Task prompt: Every line from the line containing "Used 2022 Nissan" through the end of the data is to be reproduced exactly, excluding pictures.

-------- Available data

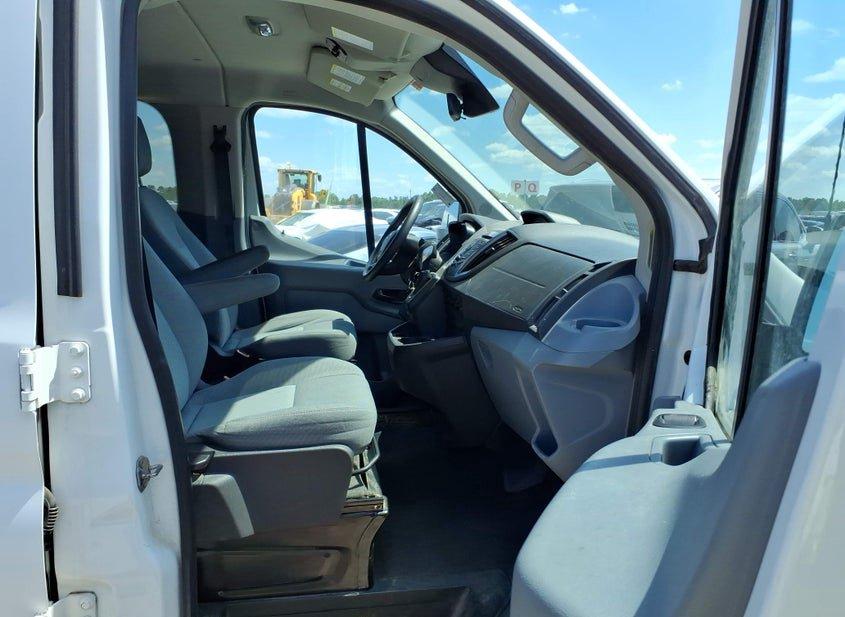 Ford Transit-350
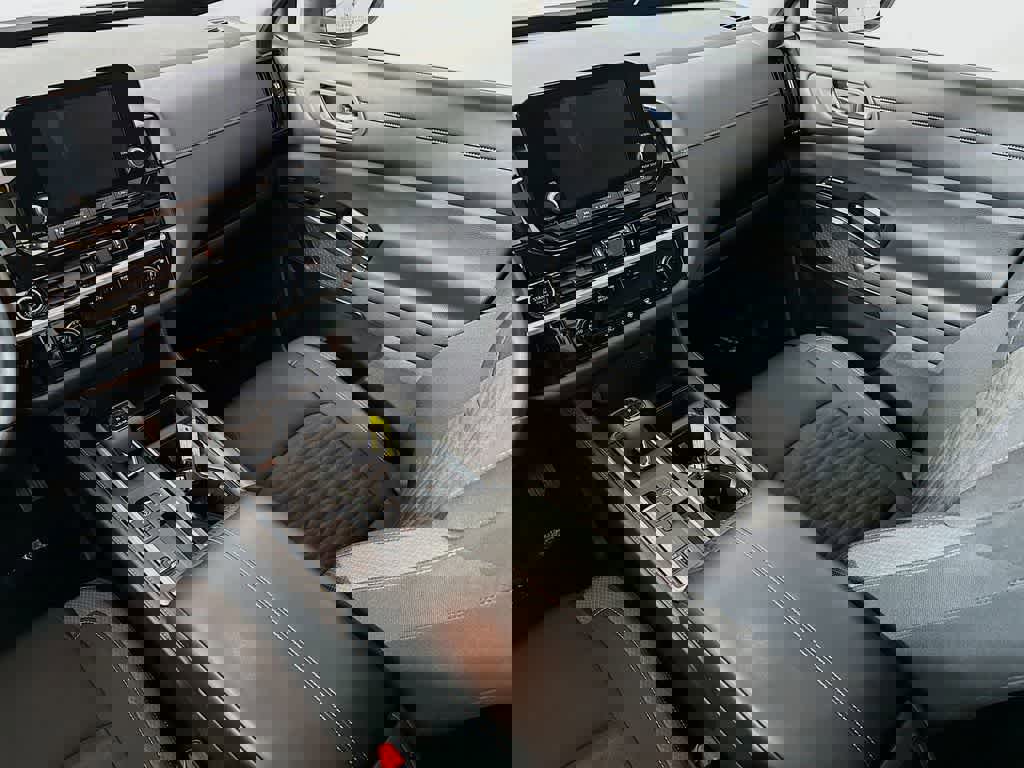 Used 2022 Nissan Pathfinder SV w/ SV Premium Package FWD image 14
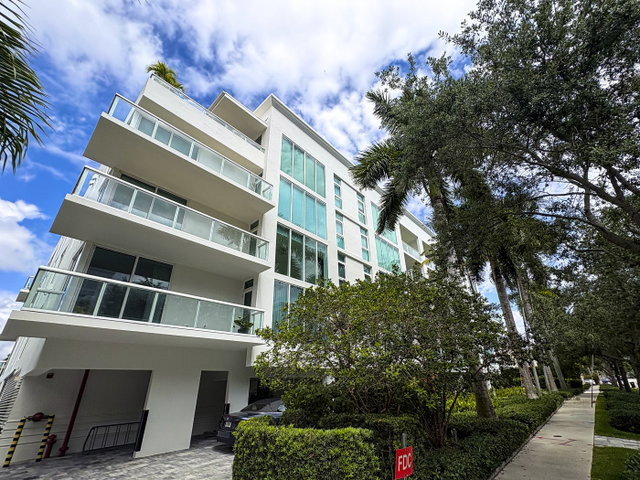 45 Hendricks Condo photo 3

----------------

Response:
 Used 2022 Nissan Pathfinder SV w/ SV Premium Package FWD image 14
 45 Hendricks Condo photo 3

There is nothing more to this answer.